# Slip bobber or Popping Cork



## Saltlife Newb (Sep 10, 2017)

Which one is better for fishing live shrimp


Sent from my iPhone using Tapatalk


----------



## onemorecast (Feb 16, 2009)

My best luck is with popping cork.


----------



## boomshakalaka (Dec 4, 2012)

Depends on what I'm fishing for and where/how I'm fishing. For the majority of the fishing around here on the flats and stuff for trout/reds, popping cork.


----------



## Saltlife Newb (Sep 10, 2017)

onemorecast said:


> My best luck is with popping cork.




I was going to use a DOA popping cork I have and remove the doa shrimp.

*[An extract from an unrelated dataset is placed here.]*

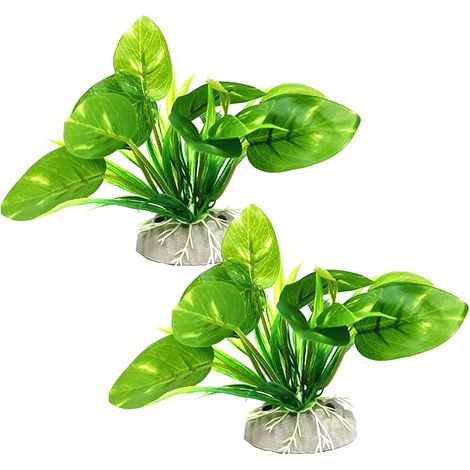 Plante Aquarium, Fish Tank Decorations Aquarium Decor Terrarium Plante, Fausse Décoration Bassin, Extérieur Maison Bureau (1/5)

Will that work 


Sent from my iPhone using Tapatalk


----------



## Simonj31 (Mar 6, 2014)

If you need to fish deeper, or just want to drift over structure, use a slip bobber. That way you can adjust depth quickly. 

If just going to use it on the flats, then stick to the popping cork so you get the noise and vibration. Also, yes, get rid of that doa shrimp and put on a live bait hook. I like to use 2/0s on my popping corks.


----------



## Boardfeet (Sep 27, 2007)

popping cork 
The louder the click the better.


----------



## sophiagrace77 (May 18, 2018)

Just go with popping cork, I had such nice experience with popping cork. So there is nest choice than popping cork.


----------



## Catchemall (May 8, 2018)

Depth of water is the key. On the flats, a popper, clicker is king. In deeper water, if you're going to cast, you need a slip bobber.


----------



## poorboy (Mar 11, 2016)

pinch part of the fan off and hook them in the horn...I'm a newbie and a local taught me that last time I was down...I just want to belong.


----------



## cmg76 (Jul 5, 2014)

does anyone use a gulp shrimp under a popping cork?


----------



## Simonj31 (Mar 6, 2014)

cmg76 said:


> does anyone use a gulp shrimp under a popping cork?


That’s definitly a thing. You just have to keep it moving. That’s why I prefer live bait with them. Because if the fish are wanting a slower presentation, you can can just drift the bait by them and let the bait do it’s thing. 

But again, that is common. If you get on YouTube, there are ton of videos that combine popping corks with gulp or doa products.


----------